** ASSIGNED TASK **
Emit a verbatim copy of the lines below from the line with "dangaizeppekide's tweet photo." through the line with "Bản cập nhật", excluding pictures and everything outside that range.

━━━ MATERIAL PROVIDED

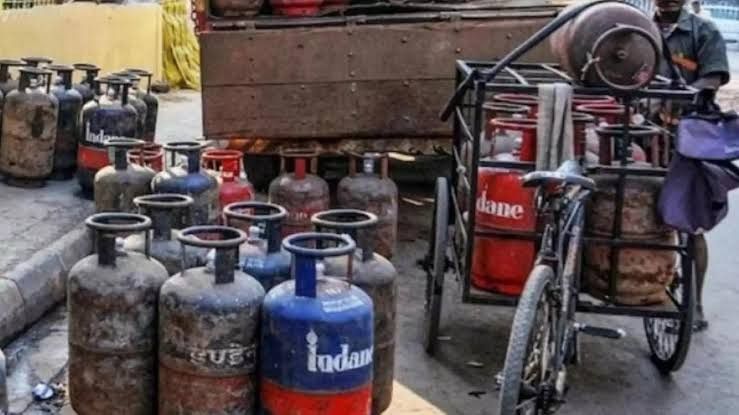 சிலிண்டர் விலை குறைப்பு..! புதிய விலை நிலவரம்..! இன்று முதல்...!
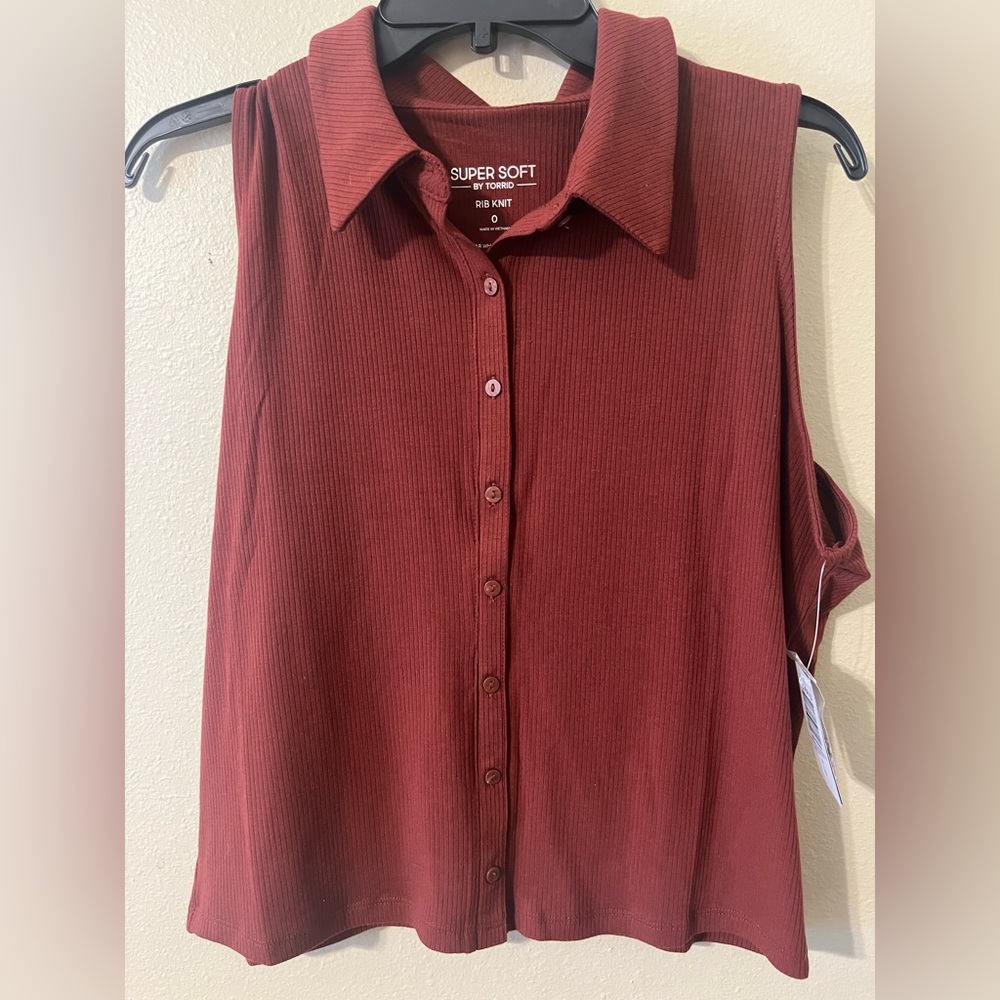 Torrid Top - Picture 2 of 7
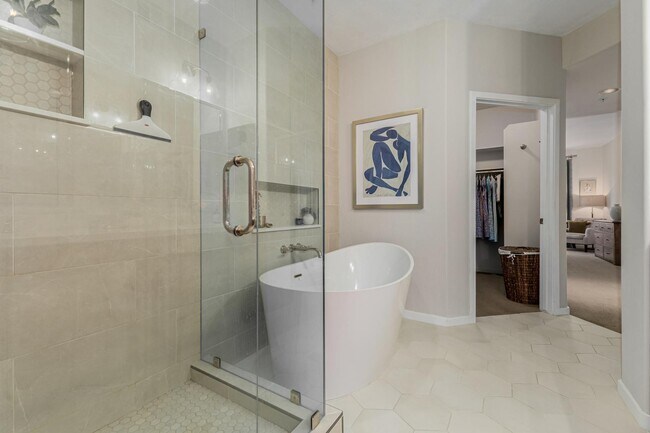 Building Photo - 10260 E White Feather Ln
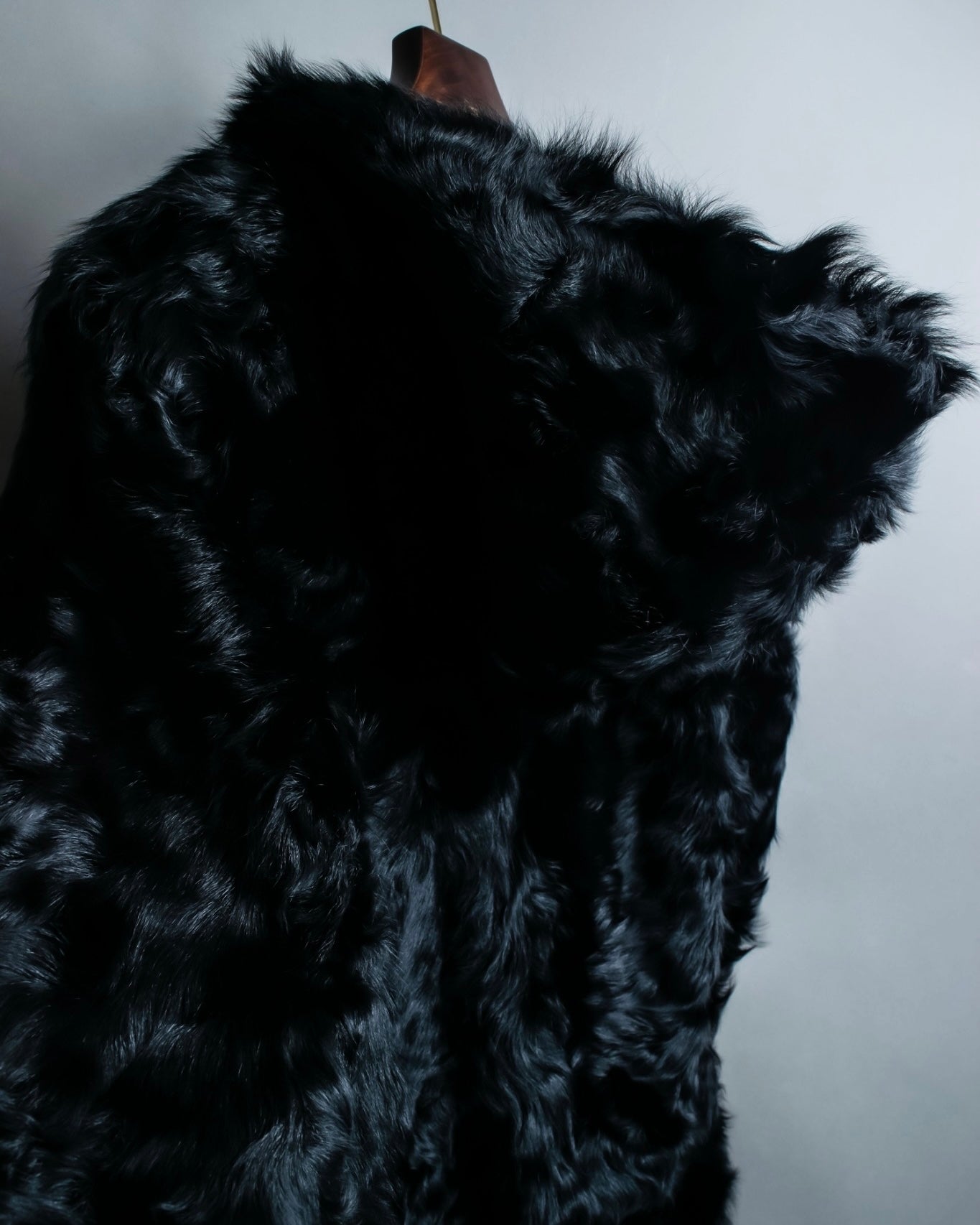 Lamb fur magnetic button hood coat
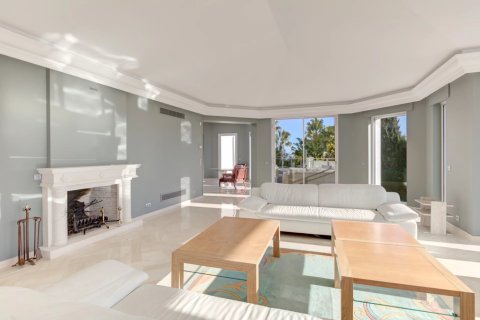 6 bedrooms House in Vallauris, France No. 75401 5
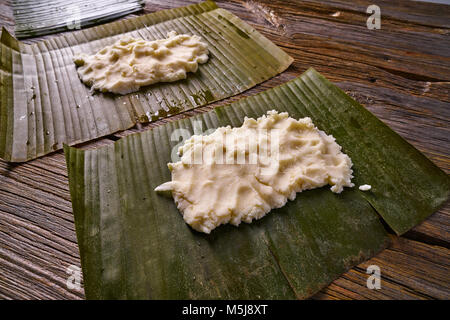 Tamale Vorbereitung mexikanische Rezept mit Bananenblättern und Maismehl Stockfoto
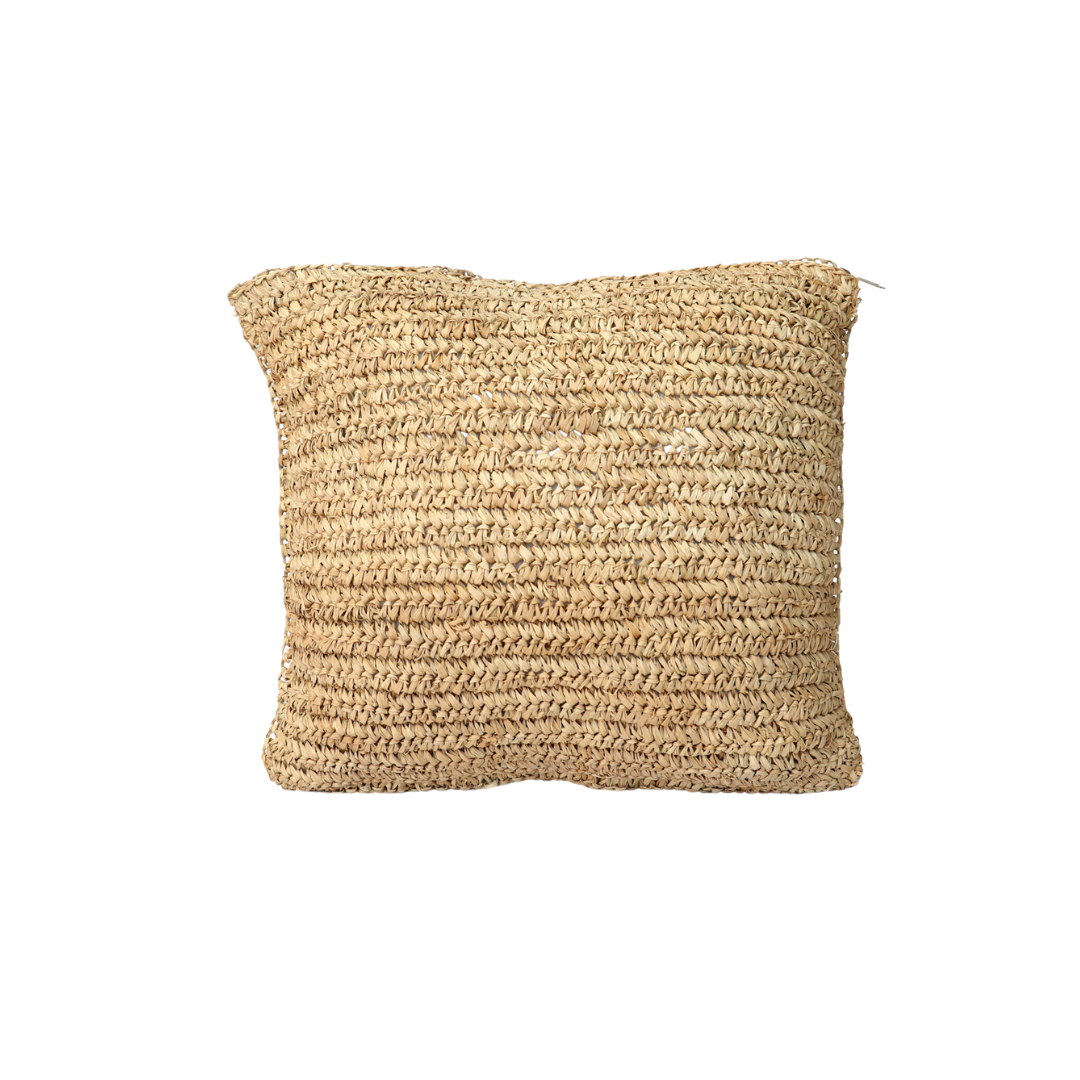 Raffia Flores kussenhoes van Bazar Bizar, vierkant model van natuurlijk raffia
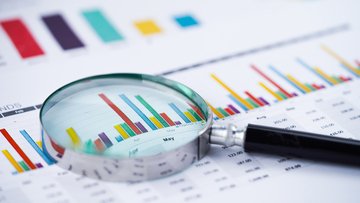 Quarterly Amazon and Apple forecasts. Who will win the earnings challenge?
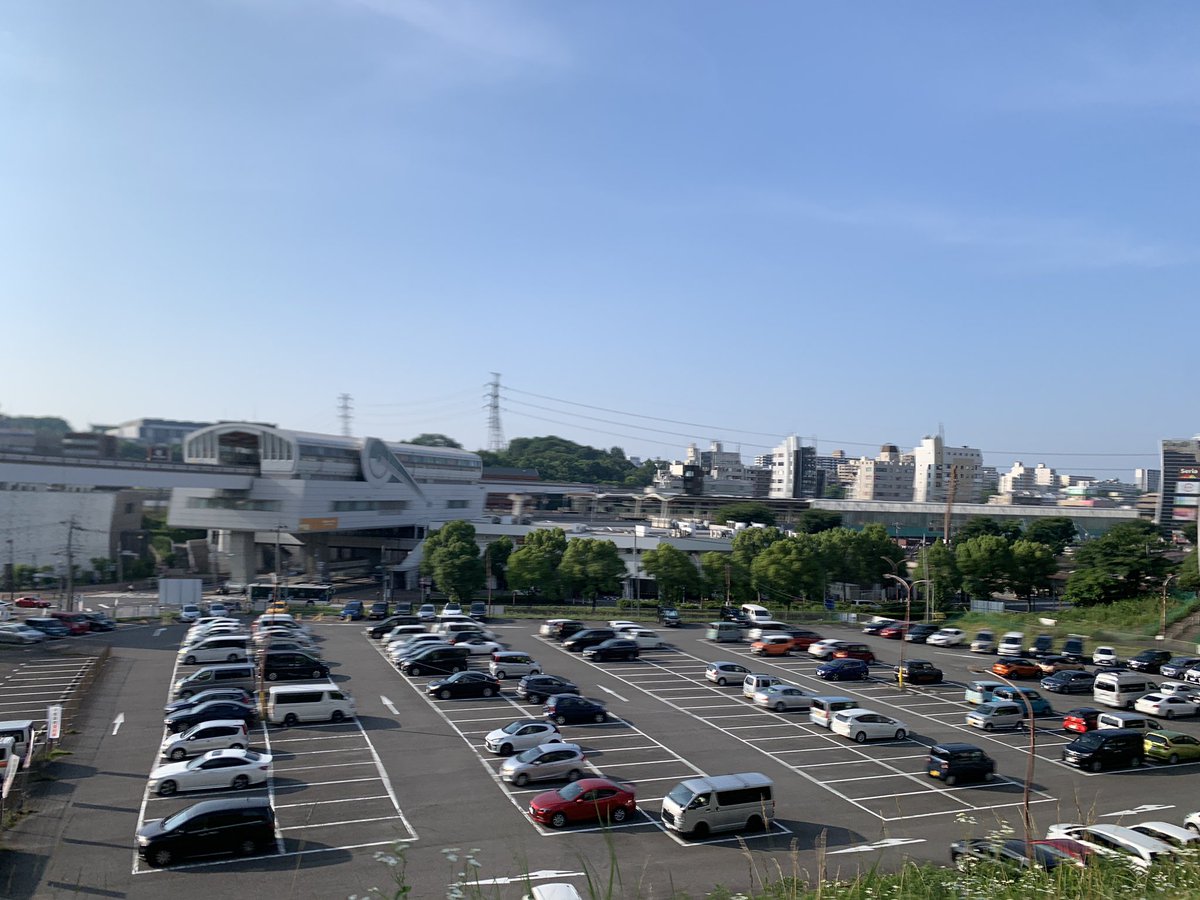 dangaizeppekide's tweet photo. 今日は多摩センター駅まで走ってきた🏃♀️
帰りに真っ白なAPtrikes125に出くわした。
それを配信で言うの忘れてたなぁ。
お互い手を振りまくり。
APtrikes125持ってる人って、もう普通に友達みたくなるんだよな。
てか多摩モノレール乗りてぇ。
#APtrikes125 #aliveprus #多摩モノレール https://t.co/wPcGxJX1Gi
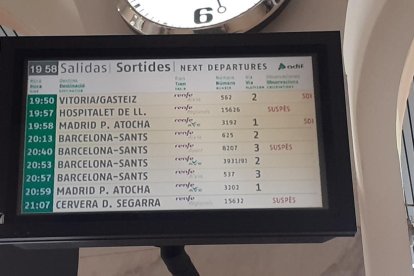 Pantalla que anuncia trens anul·lats a l’estació de Lleida.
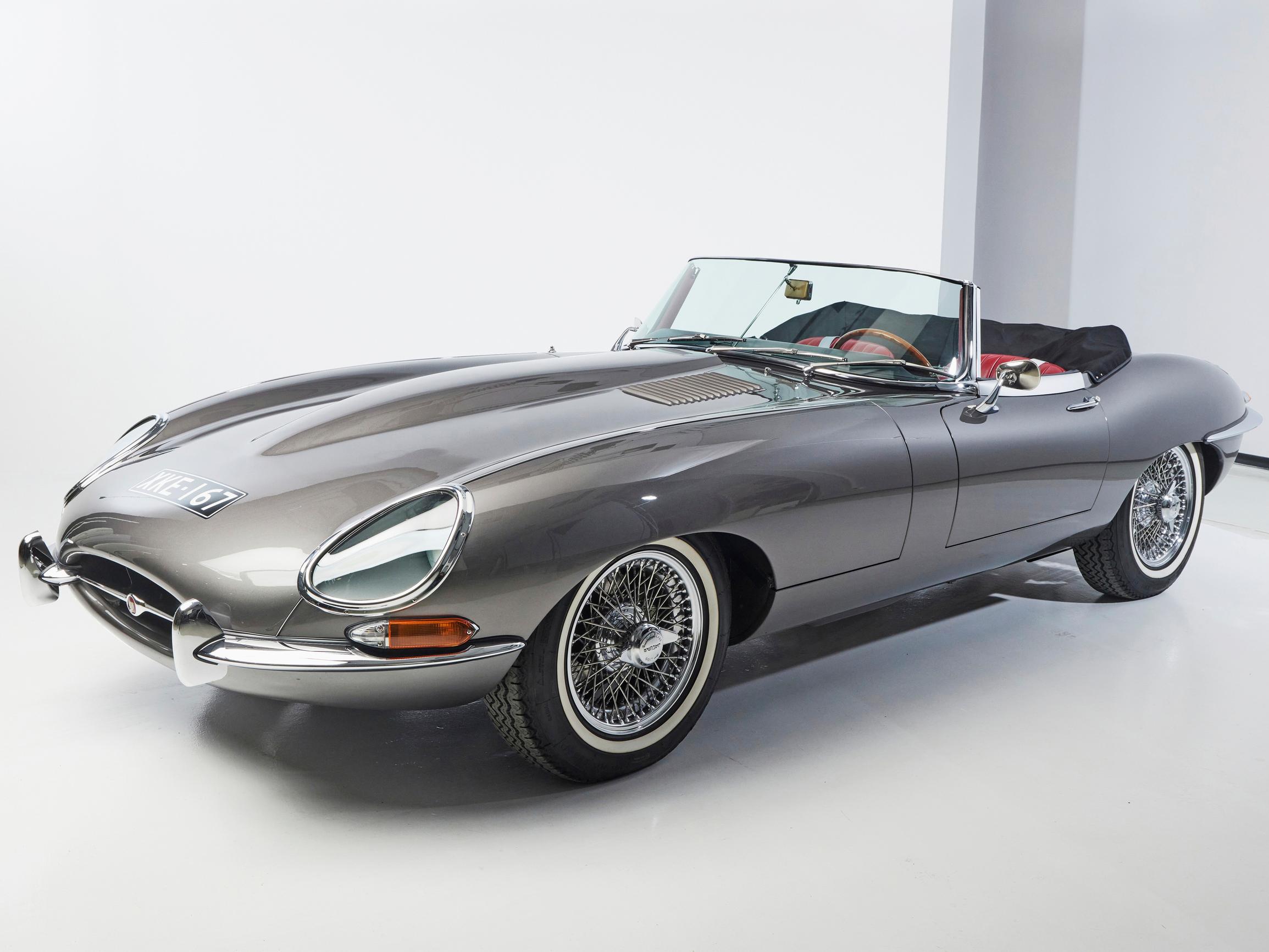 Jaguar-harrastaja entisöi unelma-autonsa, vuoden 1967 E-Typen ruuvi kerrallaan – ”Käytin projektiin yli 1 200 tuntia autotallissani”
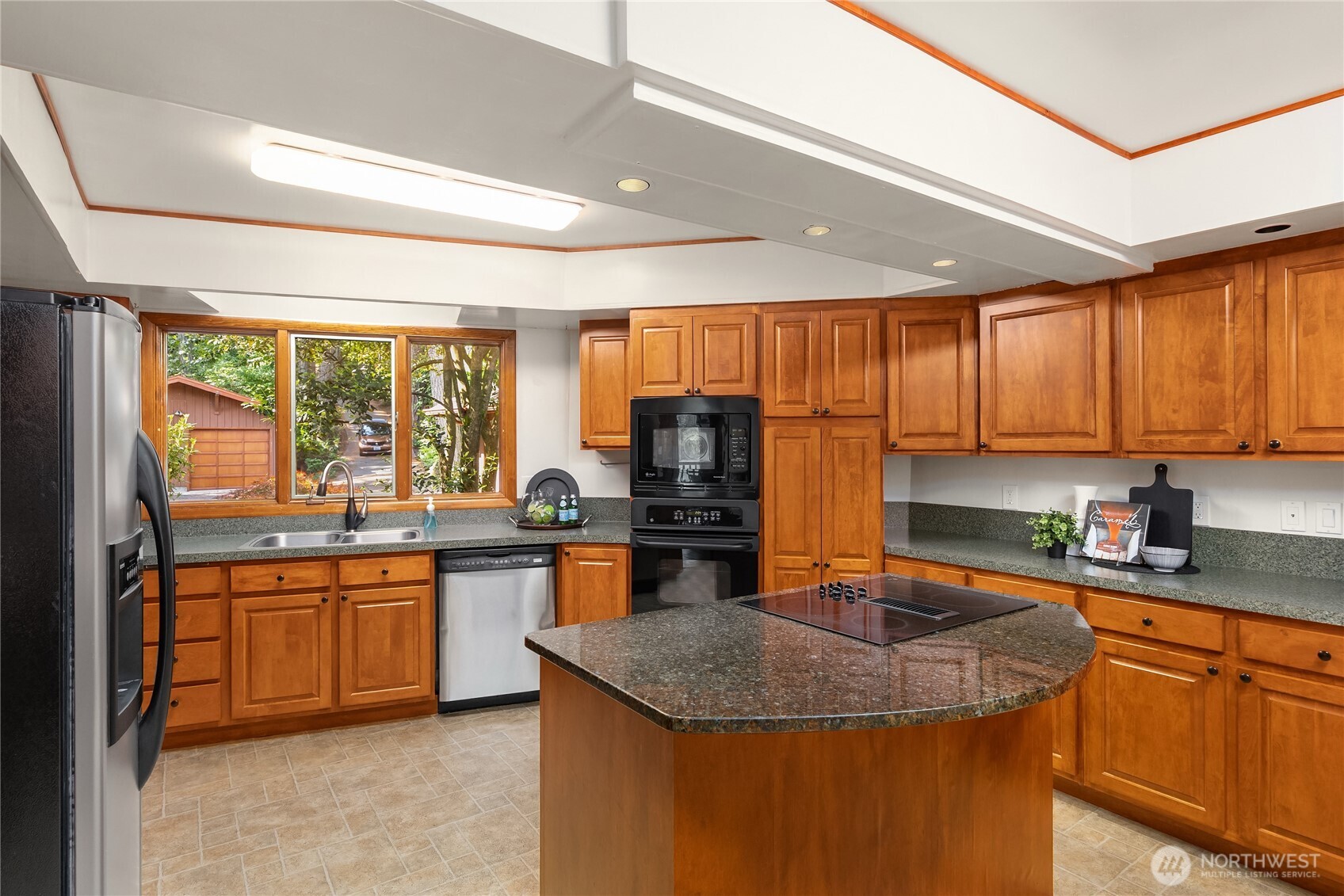 1678 NE Jacobson Road , Poulsbo, WA 98370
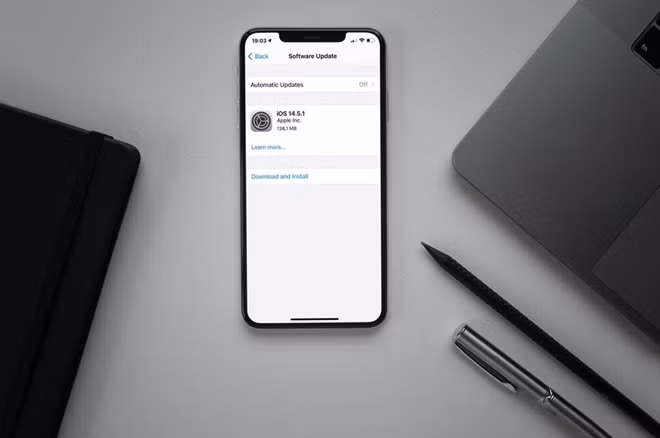 Bản cập nhật iOS 14.5.1 của Apple bị phản hồi không tốt.
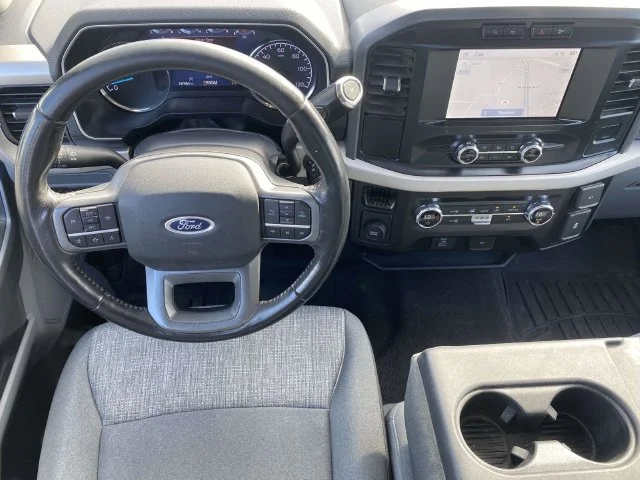 Used 2021 White Ford XLT image 10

━━━━━━

** OUTPUT FOR THIS EXERCISE **
 dangaizeppekide's tweet photo. 今日は多摩センター駅まで走ってきた🏃♀️
帰りに真っ白なAPtrikes125に出くわした。
それを配信で言うの忘れてたなぁ。
お互い手を振りまくり。
APtrikes125持ってる人って、もう普通に友達みたくなるんだよな。
てか多摩モノレール乗りてぇ。
#APtrikes125 #aliveprus #多摩モノレール https://t.co/wPcGxJX1Gi
 Pantalla que anuncia trens anul·lats a l’estació de Lleida.
 Jaguar-harrastaja entisöi unelma-autonsa, vuoden 1967 E-Typen ruuvi kerrallaan – ”Käytin projektiin yli 1 200 tuntia autotallissani”
 1678 NE Jacobson Road , Poulsbo, WA 98370
 Bản cập nhật iOS 14.5.1 của Apple bị phản hồi không tốt.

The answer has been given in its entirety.